Under the synonym of molar mass sensitive detectors continue to find viscosity detectors and light scattering detectors use. This type of detector is used only in combination with concentration detectors because the Molmassenberechnung in each case, the concentration is required. In particular, the light scattering can be independent of polymer standards determine the molecular mass averages ( Mn, Mw, Mz ) and the radius of gyration directly. A distinction is especially multi-angle ( MALS ), small-angle ( LALS ) and right -angle light scattering detector ( RALS ). With the viscosity detector, the parameters K and α of the Mark -Houwink equation, a universal calibration and statements about the conformation of the polymer can be made.
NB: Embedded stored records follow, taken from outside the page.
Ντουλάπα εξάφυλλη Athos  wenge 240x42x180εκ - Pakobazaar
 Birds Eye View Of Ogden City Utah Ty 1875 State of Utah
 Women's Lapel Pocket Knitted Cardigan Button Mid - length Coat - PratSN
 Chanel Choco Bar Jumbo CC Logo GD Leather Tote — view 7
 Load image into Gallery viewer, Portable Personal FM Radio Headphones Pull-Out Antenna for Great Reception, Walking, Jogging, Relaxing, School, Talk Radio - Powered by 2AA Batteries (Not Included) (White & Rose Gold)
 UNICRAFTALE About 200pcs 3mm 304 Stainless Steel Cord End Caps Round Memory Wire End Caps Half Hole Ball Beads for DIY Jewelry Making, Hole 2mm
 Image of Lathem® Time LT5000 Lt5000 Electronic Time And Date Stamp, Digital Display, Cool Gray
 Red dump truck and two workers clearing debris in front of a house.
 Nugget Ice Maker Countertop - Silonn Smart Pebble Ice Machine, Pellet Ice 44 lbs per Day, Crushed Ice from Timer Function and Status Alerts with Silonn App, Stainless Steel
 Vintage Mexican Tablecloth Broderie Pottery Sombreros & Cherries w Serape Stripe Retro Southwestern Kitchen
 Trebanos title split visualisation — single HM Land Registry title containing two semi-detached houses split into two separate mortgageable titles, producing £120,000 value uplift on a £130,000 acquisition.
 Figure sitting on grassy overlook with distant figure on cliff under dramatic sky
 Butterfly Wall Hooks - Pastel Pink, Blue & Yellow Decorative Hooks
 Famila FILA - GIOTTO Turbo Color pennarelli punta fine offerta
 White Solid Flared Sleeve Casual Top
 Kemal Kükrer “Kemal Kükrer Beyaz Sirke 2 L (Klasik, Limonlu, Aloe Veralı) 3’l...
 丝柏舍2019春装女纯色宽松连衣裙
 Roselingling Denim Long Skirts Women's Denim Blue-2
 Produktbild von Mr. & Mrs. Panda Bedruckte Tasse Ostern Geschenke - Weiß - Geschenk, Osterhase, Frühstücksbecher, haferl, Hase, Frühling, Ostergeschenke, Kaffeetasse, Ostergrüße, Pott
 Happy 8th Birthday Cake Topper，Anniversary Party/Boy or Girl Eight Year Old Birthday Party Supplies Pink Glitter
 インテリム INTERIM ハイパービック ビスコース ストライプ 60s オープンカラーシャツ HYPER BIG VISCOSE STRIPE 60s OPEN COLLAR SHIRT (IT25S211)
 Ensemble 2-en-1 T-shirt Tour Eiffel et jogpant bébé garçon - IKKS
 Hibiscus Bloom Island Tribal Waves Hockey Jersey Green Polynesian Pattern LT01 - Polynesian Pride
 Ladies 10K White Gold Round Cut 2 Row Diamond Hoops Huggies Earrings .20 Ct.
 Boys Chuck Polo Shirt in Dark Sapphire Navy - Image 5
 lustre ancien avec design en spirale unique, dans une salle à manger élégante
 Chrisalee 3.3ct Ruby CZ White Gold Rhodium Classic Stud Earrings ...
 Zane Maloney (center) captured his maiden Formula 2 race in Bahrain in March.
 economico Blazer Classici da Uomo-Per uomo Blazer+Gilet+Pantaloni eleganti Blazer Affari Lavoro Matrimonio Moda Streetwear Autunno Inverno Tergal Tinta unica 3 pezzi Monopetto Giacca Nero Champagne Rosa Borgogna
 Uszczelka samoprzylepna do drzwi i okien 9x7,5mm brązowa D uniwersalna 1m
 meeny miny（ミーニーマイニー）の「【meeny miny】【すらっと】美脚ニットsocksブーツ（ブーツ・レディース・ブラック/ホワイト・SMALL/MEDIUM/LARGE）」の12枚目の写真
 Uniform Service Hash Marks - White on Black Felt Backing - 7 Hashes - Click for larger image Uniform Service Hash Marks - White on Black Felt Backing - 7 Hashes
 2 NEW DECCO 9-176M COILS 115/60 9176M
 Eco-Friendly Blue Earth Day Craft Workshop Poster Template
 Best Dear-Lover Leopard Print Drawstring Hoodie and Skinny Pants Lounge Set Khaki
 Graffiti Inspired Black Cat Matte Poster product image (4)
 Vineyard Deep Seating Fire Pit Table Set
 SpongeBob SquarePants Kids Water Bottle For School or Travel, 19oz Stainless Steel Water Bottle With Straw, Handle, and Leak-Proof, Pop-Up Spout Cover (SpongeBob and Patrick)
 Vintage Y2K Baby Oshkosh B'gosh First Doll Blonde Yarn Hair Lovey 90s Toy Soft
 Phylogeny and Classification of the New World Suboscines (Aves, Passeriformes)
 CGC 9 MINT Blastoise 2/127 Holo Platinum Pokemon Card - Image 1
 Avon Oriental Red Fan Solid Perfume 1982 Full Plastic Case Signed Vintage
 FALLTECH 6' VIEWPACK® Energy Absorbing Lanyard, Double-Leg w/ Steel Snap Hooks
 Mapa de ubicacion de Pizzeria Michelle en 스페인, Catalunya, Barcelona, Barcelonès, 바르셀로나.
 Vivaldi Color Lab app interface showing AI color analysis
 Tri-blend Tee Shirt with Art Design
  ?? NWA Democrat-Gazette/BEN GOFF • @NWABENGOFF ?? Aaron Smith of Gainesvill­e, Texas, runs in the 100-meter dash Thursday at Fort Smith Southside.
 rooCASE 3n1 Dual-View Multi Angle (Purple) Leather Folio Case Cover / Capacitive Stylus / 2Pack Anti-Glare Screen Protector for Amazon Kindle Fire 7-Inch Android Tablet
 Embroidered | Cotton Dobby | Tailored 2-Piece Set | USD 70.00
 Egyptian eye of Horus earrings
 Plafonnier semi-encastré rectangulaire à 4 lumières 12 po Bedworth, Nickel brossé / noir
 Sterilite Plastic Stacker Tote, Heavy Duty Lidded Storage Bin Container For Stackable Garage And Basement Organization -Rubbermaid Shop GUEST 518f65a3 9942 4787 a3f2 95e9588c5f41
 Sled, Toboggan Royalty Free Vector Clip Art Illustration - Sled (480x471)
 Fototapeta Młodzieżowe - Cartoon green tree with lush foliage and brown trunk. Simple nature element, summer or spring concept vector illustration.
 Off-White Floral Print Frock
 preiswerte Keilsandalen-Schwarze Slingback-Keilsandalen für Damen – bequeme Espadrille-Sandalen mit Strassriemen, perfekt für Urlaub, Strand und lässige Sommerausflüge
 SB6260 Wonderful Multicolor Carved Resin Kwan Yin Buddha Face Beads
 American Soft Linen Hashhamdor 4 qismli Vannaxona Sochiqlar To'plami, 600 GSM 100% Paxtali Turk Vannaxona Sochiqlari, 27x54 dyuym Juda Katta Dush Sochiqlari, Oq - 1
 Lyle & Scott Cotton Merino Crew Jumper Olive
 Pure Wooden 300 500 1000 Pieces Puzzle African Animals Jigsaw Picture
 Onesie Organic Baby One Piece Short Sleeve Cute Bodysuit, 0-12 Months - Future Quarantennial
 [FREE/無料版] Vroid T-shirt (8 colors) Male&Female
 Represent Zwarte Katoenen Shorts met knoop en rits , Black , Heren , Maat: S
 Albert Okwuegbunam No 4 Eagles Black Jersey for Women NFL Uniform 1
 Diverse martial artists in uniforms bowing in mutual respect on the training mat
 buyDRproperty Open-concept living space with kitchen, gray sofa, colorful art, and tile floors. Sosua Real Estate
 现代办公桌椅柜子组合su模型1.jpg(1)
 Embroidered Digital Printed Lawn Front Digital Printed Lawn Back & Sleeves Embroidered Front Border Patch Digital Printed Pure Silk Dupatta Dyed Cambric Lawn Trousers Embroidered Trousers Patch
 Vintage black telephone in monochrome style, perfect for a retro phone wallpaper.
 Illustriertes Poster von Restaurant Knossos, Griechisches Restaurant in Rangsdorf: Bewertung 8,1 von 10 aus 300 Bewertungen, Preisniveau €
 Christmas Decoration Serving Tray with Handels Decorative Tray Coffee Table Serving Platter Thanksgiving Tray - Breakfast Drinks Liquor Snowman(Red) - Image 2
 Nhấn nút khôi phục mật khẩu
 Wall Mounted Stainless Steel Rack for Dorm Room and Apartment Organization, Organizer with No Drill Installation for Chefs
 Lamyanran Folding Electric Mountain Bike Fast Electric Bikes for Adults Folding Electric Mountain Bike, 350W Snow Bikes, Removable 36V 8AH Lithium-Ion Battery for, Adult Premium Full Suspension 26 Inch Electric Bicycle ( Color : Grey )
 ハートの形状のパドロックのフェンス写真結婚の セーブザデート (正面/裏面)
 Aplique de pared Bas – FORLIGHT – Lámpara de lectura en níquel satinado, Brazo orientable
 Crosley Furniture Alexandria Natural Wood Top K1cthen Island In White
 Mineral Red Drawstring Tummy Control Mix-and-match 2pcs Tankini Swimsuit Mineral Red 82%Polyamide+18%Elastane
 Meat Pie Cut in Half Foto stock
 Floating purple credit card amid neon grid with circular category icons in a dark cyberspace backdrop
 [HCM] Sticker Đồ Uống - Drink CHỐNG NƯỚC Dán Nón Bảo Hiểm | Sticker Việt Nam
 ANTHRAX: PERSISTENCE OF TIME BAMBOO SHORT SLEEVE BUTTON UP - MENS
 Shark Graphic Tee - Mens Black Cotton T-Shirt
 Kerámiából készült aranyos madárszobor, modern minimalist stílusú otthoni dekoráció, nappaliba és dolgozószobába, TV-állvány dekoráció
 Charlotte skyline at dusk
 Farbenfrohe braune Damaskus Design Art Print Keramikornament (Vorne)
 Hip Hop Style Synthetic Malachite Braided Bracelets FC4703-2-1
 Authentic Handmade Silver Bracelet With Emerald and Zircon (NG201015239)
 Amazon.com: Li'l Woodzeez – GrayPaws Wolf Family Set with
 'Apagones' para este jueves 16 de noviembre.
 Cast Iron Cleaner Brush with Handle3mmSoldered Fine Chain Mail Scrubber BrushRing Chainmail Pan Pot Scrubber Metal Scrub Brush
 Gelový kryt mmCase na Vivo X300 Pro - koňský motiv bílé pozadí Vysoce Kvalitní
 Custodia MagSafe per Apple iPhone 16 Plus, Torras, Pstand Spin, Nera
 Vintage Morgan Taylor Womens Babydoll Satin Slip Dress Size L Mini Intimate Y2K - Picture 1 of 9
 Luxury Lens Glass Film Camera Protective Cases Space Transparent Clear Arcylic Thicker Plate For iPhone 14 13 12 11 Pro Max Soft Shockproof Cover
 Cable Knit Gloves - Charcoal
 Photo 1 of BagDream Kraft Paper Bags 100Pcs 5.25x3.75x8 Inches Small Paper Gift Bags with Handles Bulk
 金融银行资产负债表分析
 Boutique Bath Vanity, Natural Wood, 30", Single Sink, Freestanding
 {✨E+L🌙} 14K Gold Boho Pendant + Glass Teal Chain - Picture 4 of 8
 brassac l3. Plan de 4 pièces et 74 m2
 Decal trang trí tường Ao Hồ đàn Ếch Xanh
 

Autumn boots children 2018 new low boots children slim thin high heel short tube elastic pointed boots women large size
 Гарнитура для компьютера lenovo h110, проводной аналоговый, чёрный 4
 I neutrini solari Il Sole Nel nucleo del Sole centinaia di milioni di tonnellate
In addition, look for infrared detectors and fluorescence detectors can be installed, but are limited to specific applications.

Conventional calibration

The conventional calibration takes place only when using a concentration detector (RI or UV) use. For calibration usually several different sizes available polymer standards with low polydispersities. From the indicated molecular weights of the standards and the retention time obtained after analysis, you can create the calibration curve. Using the calibration curve, the molecular weights of the unknown sample can now be determined. The result is relative molecular weights, based on the standard substance. Since narrowly distributed standards are not available for each polymer, the Molmassenberechnung can be problematic when using different standards. Although used in such cases as possible "similar" standards that Molmassenberechnung may differ dramatically from the real. A much more secure method would be to use a direct method, here, such as light scattering.

Universal Calibration

GPC using a concentration detector (RI and UV) in conjunction with a Viskositätsdetekor. For calibration available polymer standards with low polydispersities and a calibration log set (molar mass × Intrinsic viscosity). As the product of is proportional to the hydrodynamic radius (molar mass × Intrinsic viscosity), the real or absolute molar masses can thus be calculated.

Light Scattering

By using a light scattering detector setting up a calibration curve is not necessary. A light scattering detector indirectly measures the absolute molecular mass. For evaluation a concentration detector is also required. Of John William Strutt, 3 Baron Rayleigh established equation describes the relationship between the scattered light intensity, which is expressed by the so-called Rayleigh ratio R ( θ ), the polymer concentration, C, and the weight average molecular weight Mw. Where K is an optical constant and A2 the second virial coefficient.

Alternative methods

Occurs in particular in macromolecules, nanoparticles, and agglomeration in the gel permeation chromatography are often problems as a result of interaction with the stationary phase. Clogging of the column, the absorption and removal of agglomerates of the molecules by shearing in the column, problems frequently described. By separating the open river channel without static phase, these effects can be avoided in the field-flow fractionation ( FFF).